18.4. リアルタイムおよび低レイテンシーワークロードのプロビジョニング

多くの企業や組織は、非常に高性能なコンピューティングを必要としており、とくに金融業界や通信業界では、低い、予測可能なレイテンシーが必要になる場合があります。このような固有の要件を持つ業界では、OpenShift Container Platform は Performance Addon Operatorを提供して、OpenShift Container Platformアプリケーションの低レイテンシーのパフォーマンスと一貫性のある応答時間を実現するための自動チューニングを実装します。
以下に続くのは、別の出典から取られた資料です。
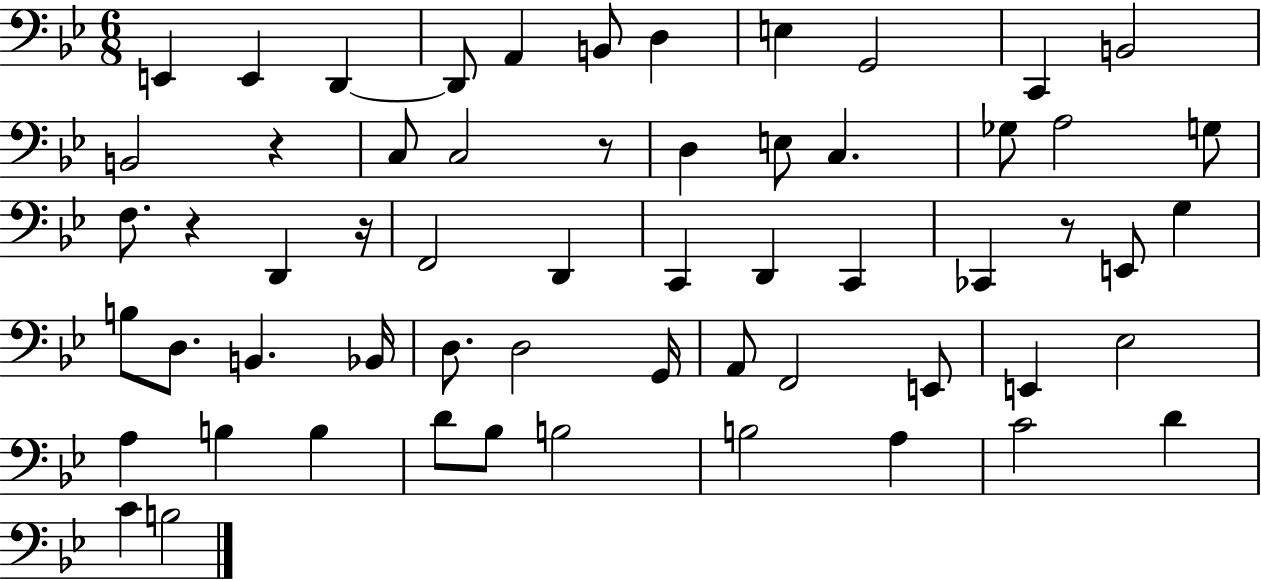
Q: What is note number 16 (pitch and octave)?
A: E3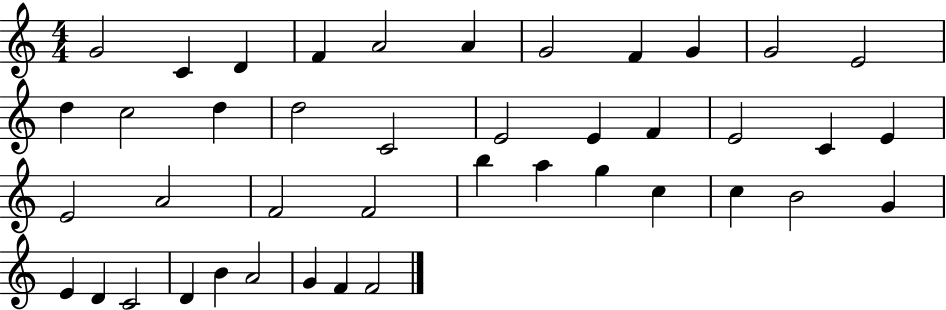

クラスター管理者は、このパフォーマンスプロファイル設定を使用することにより、より信頼性の高い方法でこれらの変更を加えることができます。管理者は、カーネルを kernel-rt (リアルタイム) に更新するかどうかを指定し、Pod の infra コンテナーなどのクラスターおよびオペレーティングシステムのハウスキーピング向けに CPU を予約して、アプリケーションコンテナーがワークロードを実行するように CPU を分離することができます。

警告

Guaranteed CPU を必要とするアプリケーションとともに実行プローブを使用すると、レイテンシーが急増する可能性があります。代わりに、適切に設定されたネットワークプローブのセットなどの他のプローブを使用することが推奨されます。

18.4.1. リアルタイムの既知の制限

注記

RT カーネルはワーカーノードでのみサポートされます。

リアルタイムモードを完全に使用するには、コンテナーを昇格した権限で実行する必要があります。権限の付与についての情報は、「Set capabilities for a Container」を参照してください。
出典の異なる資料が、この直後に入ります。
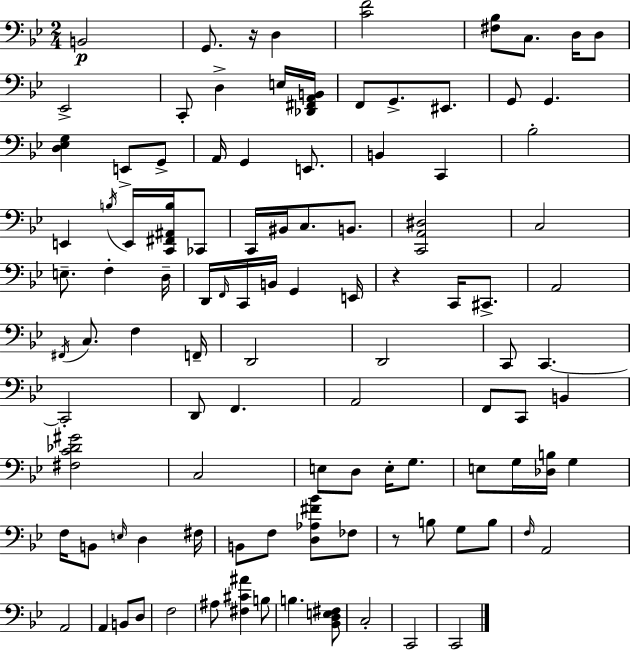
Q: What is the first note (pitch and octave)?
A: B2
OpenShift Container Platform は許可される機能を制限するため、SecurityContext を作成する必要がある場合もあります。

注記

この手順は、Red Hat Enterprise Linux CoreOS (RHCOS) システムを使用したベアメタルのインストールで完全にサポートされます。

パフォーマンスの期待値を設定する必要があるということは、リアルタイムカーネルがあらゆる問題の解決策ではないということを意味します。リアルタイムカーネルは、一貫性のある、低レイテンシーの、決定論に基づく予測可能な応答時間を提供します。リアルタイムカーネルに関連して、追加のカーネルオーバーヘッドがあります。これは、主に個別にスケジュールされたスレッドでハードウェア割り込みを処理することによって生じます。一部のワークロードのオーバーヘッドが増加すると、スループット全体が低下します。ワークロードによって異なりますが、パフォーマンスの低下の程度は 0% から 30% の範囲になります。ただし、このコストは決定論をベースとしています。